Jan Kronig

Personal information
- Date of birth: 24 June 2000 (age 25)
- Place of birth: Brig-Glis, Switzerland
- Height: 1.85 m (6 ft 1 in)
- Position: Defender

Team information
- Current team: Sion
- Number: 17

Youth career
- 2007–2011: Brig-Glis
- 2011–2019: Young Boys

Senior career*
- Years: Team / Apps / (Gls)
- 2019–2021: Young Boys / 2 / (0)
- 2019–2020: → Schaffhausen (loan) / 30 / (0)
- 2020–2021: → Wil (loan) / 34 / (0)
- 2021–2024: Aarau / 73 / (2)
- 2024–: Sion / 62 / (1)

International career^{‡}
- 2015–2016: Switzerland U16 / 7 / (0)
- 2016–2017: Switzerland U17 / 12 / (0)
- 2017–2019: Switzerland U19 / 15 / (0)
- 2018: Switzerland U18 / 2 / (0)
- 2019: Switzerland U20 / 5 / (0)
- 2021–2023: Switzerland U21 / 13 / (1)

= Jan Kronig =

Swiss football player (born 2000)

Jan Kronig (born 24 June 2000) is a Swiss footballer who plays for Sion as a defender.

==Professional career==
On 12 June 2018, Kronig signed his first professional contract with Young Boys.
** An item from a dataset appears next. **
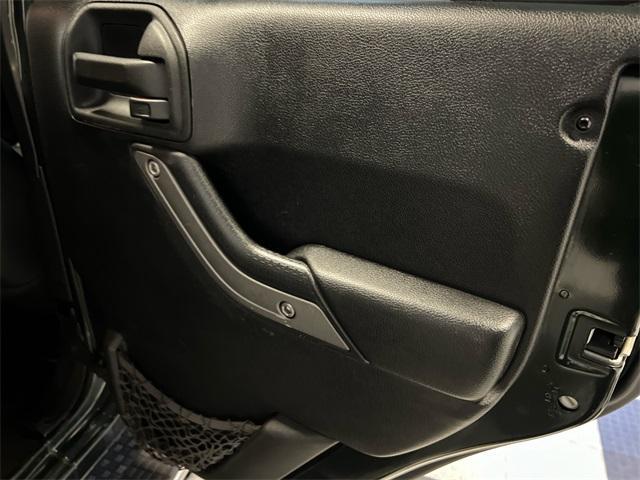 Photo of 2011 Green Jeep Wrangler Unlimited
Kronig made his professional debut with Young Boys in a 6-1 Swiss Super League win over on 16 May 2019.

On 10 July 2019, Kronig was loaned out to Schaffhausen for the rest of the season.

On 21 June 2021, he signed a three-year contract with Aarau.

On 31 January 2024, Kronig moved to Sion.